Увидев перед собой полный стакан водки, Силантий проглотил слюну. Зачем-то потер ладони и, не поднимая глаз, сказал:
— Будем здоровы… С приездом…
Он выпил, водка зло обожгла горло, и ему казалось, что все смотрели, как он пьет.
Опорожнив стакан, он осторожно поставил его на стол, подвинул себе ломоть черного хлеба, тарелку с малосольными огурцами; после стакана водки было легче, он стал озираться по сторонам и сразу увидел Варвару.
Она сидела наискосок от него, опустив к тарелке темное от прихлынувшей крови лицо.
«Дожил, — подумал он, — собственная жена стыдится меня».
Дед Харитон, сидевший рядом, все время подливал в его стакан. Силантнй пил, с каждым глотком чувствуя себя смелее. Глухота, с которой он не расставался, как вошел в избу, сейчас пропала, он уже различал знакомые голоса, и ему уже не терпелось, как прежде, отвести душу в разговоре.

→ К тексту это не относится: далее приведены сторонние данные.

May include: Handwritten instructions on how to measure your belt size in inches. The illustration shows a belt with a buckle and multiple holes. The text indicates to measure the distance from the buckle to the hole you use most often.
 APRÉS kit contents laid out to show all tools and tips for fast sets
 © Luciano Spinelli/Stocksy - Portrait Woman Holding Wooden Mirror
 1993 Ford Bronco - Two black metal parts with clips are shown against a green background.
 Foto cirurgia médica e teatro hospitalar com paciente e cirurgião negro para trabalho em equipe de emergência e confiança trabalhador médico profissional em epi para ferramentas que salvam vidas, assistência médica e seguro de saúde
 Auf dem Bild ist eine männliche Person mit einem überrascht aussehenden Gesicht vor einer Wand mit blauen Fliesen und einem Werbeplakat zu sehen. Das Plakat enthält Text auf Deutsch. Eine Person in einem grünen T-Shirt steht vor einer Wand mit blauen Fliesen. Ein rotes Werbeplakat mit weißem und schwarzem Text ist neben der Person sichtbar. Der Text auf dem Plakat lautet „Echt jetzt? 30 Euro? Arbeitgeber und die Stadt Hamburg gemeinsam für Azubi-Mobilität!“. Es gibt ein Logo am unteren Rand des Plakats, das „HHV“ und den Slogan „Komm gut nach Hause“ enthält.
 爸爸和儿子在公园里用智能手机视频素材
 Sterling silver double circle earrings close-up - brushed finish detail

Уловив оброненное кем-то слово «война», Сялантий провел рукой по лицу, словно стирая налипшие тенета, и сказал глухо, будто убеждая самого себя:
— Теперь войны не будет… — И, пожевав красными полными губами, добавил: — Не дозволят…
— Это кто же нас от войны спасет? Уж не ты ли? — звонко крикнул Григорий, и гости притихли.
Силантий подумал, что ему надо промолчать, не ввязываться в спор, но кто-то хрустнул в нетерпении пальцами, близко, казалось, у самого лица, он увидел большие, ждущие глаза Варвары и тихо сказал:
— Ты не кричи… Я кровью снял с себя клеймо. А кто старое помянет…
— Для тебя старое, а для меня… на всю жизнь!
Силантий скатал в пальцах хлебный мякиш, разорвал его на части, склеил. Потом кинул мякиш на зеркальный бок самовара и, покачиваясь, разминая широкие плечи, стал пробираться в передний угол.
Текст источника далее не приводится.